How to Solve a Cryptogram
A cryptogram is a quote behind a letter-substitution cipher: every letter is swapped for another, and the swap never changes. That consistency is the flaw. The message's skeleton — word lengths, repeats, doubles, apostrophes — survives the encryption intact. Here are the Czar's seven tactics for reading that skeleton.
1. Break the short words first
One-letter words are almost always A or I. The most common three-letter word in English is THE by a wide margin. Solve a short word and every letter it contains is confirmed everywhere else in the puzzle at once.
2. Count the letters
Tally which cipher letter appears most often. In English, E is the most common letter, followed by T, A, O, I and N. On a quote of any real length the top cipher letter is very likely E or T.
3. Hunt the doubles
Repeated adjacent letters narrow things down fast. The most common English doubles are LL, EE, SS, OO and TT. A short word with a double letter is often ALL, TOO, SEE, OFF or WELL.
4. Work the apostrophes
An apostrophe near the end of a word signals a contraction or possessive. The letter after it is almost always T, S, RE, LL or VE, which hands you several high-frequency letters at once.
5. Read the pattern words
Some words give themselves away by shape alone.
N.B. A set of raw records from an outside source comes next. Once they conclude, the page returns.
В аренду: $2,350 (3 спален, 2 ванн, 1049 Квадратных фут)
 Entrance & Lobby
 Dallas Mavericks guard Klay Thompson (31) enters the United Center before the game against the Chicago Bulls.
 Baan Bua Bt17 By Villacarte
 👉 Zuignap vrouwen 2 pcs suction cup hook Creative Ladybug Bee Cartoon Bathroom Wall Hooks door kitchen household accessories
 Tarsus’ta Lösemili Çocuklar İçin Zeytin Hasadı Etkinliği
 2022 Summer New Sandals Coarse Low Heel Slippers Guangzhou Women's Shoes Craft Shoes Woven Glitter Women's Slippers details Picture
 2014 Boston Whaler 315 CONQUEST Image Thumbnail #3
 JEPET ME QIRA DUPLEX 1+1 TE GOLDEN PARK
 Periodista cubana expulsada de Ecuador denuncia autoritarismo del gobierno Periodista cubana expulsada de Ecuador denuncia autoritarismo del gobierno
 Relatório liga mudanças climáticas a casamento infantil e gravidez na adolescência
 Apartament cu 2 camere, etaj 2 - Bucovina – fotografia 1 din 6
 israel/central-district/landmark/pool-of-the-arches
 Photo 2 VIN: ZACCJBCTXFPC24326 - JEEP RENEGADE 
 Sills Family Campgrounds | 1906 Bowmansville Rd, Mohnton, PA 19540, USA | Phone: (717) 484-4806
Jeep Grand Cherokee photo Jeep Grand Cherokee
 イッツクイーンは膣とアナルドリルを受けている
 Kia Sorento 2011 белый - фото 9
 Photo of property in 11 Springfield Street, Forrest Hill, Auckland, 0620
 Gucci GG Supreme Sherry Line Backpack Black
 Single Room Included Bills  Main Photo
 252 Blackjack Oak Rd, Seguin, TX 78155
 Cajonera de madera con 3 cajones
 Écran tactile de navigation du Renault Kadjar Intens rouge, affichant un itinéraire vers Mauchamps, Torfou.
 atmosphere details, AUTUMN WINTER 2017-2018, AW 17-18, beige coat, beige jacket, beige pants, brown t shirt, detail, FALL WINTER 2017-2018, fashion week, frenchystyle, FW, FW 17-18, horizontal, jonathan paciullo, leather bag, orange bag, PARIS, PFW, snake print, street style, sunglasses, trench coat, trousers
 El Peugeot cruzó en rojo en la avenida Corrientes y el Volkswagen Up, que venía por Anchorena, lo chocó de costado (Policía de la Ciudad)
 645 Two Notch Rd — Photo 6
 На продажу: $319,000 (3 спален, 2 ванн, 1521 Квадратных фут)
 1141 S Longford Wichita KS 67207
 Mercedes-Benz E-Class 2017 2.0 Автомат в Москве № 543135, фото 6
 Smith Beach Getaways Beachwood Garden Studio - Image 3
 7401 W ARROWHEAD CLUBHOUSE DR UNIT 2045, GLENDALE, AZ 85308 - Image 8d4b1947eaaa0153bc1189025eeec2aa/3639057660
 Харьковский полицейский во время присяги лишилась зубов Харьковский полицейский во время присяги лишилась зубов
THAT has the pattern 1-2-3-1. PEOPLE, WHICH and THERE all have distinctive repeat signatures. Spot one and several letters fall at once.
6. Mine the author line
Most cryptograms credit a famous author. Surnames are guessable once two or three letters land, and every letter you confirm in the name feeds straight back into the quote.
7. Confirm, never assume
A guessed letter that produces an impossible word elsewhere is a wrong guess. Test every guess against the whole ciphertext before you commit to it. This is the discipline that separates a fast solve from a stalled one.
The frequency table
Pin this up. It is the single most useful object in code-breaking, and it is why the Czar reveals free letters in casual mode: he is simply doing this count for you.
| Rank | Letter | Share of English text | Where it hides |
|---|---|---|---|
| 1 | E | 12.7% | Word endings; doubled in SEE, BEEN, THREE |
| 2 | T | 9.1% | Starts THE, THAT, THIS, TO |
| 3 | A | 8.2% | Stands alone as a word |
| 4 | O | 7.5% | Doubled in TOO, GOOD, LOOK |
| 5 | I | 7.0% | Stands alone as a word |
| 6 | N | 6.7% | Ends -ING, -ION, -ENT |
| 7 | S | 6.3% | Plurals; after an apostrophe |
| 8 | H | 6.1% | Almost always after T |
| 9 | R | 6.0% | -ER, -RE endings |
A worked example
The Czar will now humiliate a cipher in public. Suppose the ciphertext opens:
GVS DXKN GVFG …
Step one. Two three-letter words, and the first and third both read GVS / GVFG — note that GVFG has the pattern 1-2-3-1: first and last letters identical. That is the signature of THAT.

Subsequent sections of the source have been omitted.